As shown in the results in Table 1 and Figure 5, this method has a superior performance compared with other methods. On the LDDB benchmark, the method achieves a higher accuracy than a range of traditional lightweight networks, while model weights and times remain at the level of lightweight networks. This detection method shows a good balance between speed and accuracy. The method performs well across all categories of distracted driving behavior, showing significant improvements in detection accuracy and model optimization calculations.

Figure 6 shows the use of three different visualization techniques, GradCAMPlusPlus, GradCAM and XGradCAM, on the LDDB dataset to understand the decision-making process of the deep learning model in the image classification task, and to visually reveal the image regions on which the model is predicted for different categories.

First, GradCAM is applied, which analyzes gradient information to locate the most influential regions in the image. In this case, to identify phone calling behavior, the GradCAM heatmap clearly shows the important areas related to the mobile phone area, which provides key visual clues.
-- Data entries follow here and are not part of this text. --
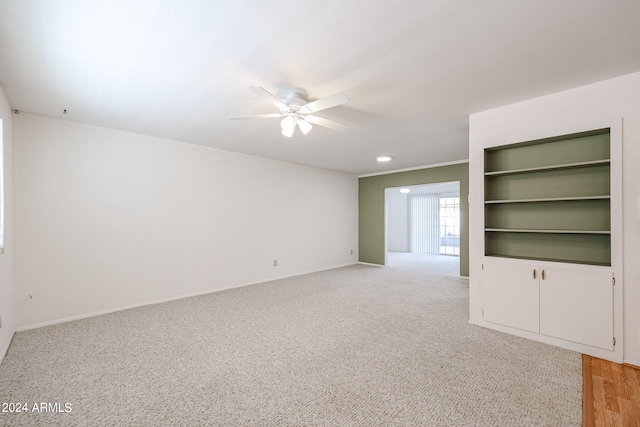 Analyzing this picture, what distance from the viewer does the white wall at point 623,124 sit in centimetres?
227

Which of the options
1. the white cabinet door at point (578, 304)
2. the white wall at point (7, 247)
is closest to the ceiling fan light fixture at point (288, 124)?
the white wall at point (7, 247)

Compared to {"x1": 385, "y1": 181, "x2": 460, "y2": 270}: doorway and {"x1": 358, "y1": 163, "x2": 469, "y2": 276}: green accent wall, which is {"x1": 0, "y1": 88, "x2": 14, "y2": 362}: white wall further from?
{"x1": 385, "y1": 181, "x2": 460, "y2": 270}: doorway

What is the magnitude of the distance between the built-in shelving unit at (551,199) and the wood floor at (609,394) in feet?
2.85

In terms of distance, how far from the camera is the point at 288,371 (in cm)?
218

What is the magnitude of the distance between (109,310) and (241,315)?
1.74 meters

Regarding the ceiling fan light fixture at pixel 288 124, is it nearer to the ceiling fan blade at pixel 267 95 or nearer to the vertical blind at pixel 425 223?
the ceiling fan blade at pixel 267 95

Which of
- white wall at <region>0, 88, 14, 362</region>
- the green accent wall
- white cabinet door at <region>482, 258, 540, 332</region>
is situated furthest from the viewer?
the green accent wall

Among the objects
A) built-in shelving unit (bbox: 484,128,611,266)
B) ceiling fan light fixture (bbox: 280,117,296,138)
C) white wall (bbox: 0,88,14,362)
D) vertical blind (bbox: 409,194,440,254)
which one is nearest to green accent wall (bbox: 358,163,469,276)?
built-in shelving unit (bbox: 484,128,611,266)

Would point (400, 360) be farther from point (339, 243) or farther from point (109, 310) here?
point (339, 243)

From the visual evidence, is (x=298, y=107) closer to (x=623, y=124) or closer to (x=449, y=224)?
(x=623, y=124)

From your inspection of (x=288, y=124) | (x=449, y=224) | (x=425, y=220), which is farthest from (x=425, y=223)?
(x=288, y=124)

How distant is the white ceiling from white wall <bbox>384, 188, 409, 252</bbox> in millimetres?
7485

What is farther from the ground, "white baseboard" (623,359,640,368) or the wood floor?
"white baseboard" (623,359,640,368)

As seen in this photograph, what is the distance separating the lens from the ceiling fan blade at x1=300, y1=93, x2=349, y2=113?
219 cm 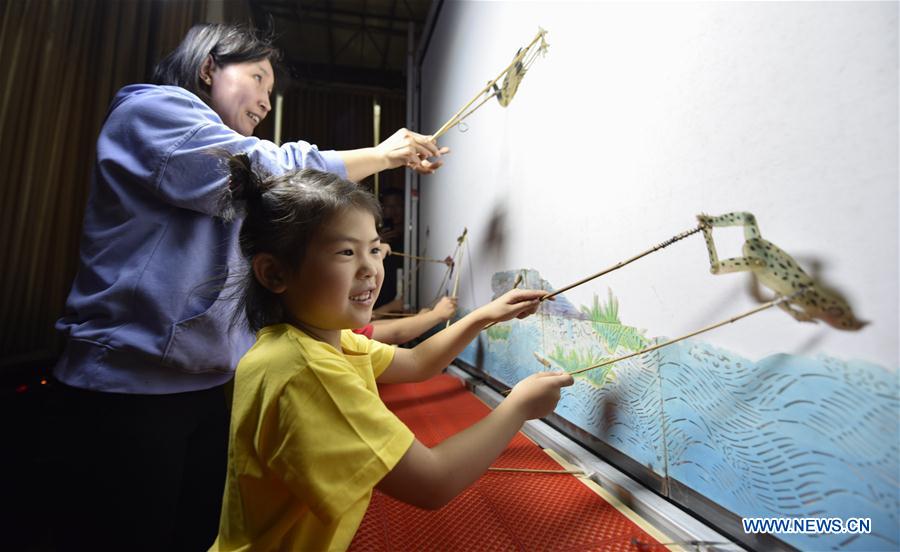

Then GradCAMPlusPlus as an extended technique is used, which takes into account both positive and negative values of gradients, resulting in more refined heatmaps. When identifying head-turning behavior, GradCAMPlusPlus highlights areas related to the direction of head rotation, resulting in a more accurate representation of the model’s focus of attention.

Not only that, XGradCAM further enhances interpretation capabilities. It combines gradient information from multiple network layers to capture visual features at different abstraction levels. To detect yawning behavior, XGradCAM heatmaps highlight regions related to oral morphology, revealing how the model makes decisions through multiple levels of feature extraction. By explicitly displaying the image areas of interest to the model, the model’s interpretability is improved while also providing a powerful tool for the driving behavior analysis to ensure road safety and driving behavior monitoring.

Table 2 shows the comparison of the proposed PSDNet network with other networks on the StateFarm dataset. The optimal values have been presented in bold, where the MAP column is labeled with the highest accuracy. Notably, we have further emphasized the minimum number of parameters and computations, which highlights the degree of lightness of the model. Additionally, we have bolded the lowest latency, which is a direct reflection of the high speed of the network when it comes to actual inference. These bolded values not only highlight the model’s superior performance in terms of accuracy, but also its outstanding properties in terms of lightweight and efficient reasoning. The results show that the proposed PSDNet exhibits the same advantages in terms of accuracy and computational complexity on the StateFarm dataset, and has an excellent detection speed on both cloud platforms and edge devices. The corresponding indicators of accuracy, model parameters with computation and detection speed are shown in Figure 7.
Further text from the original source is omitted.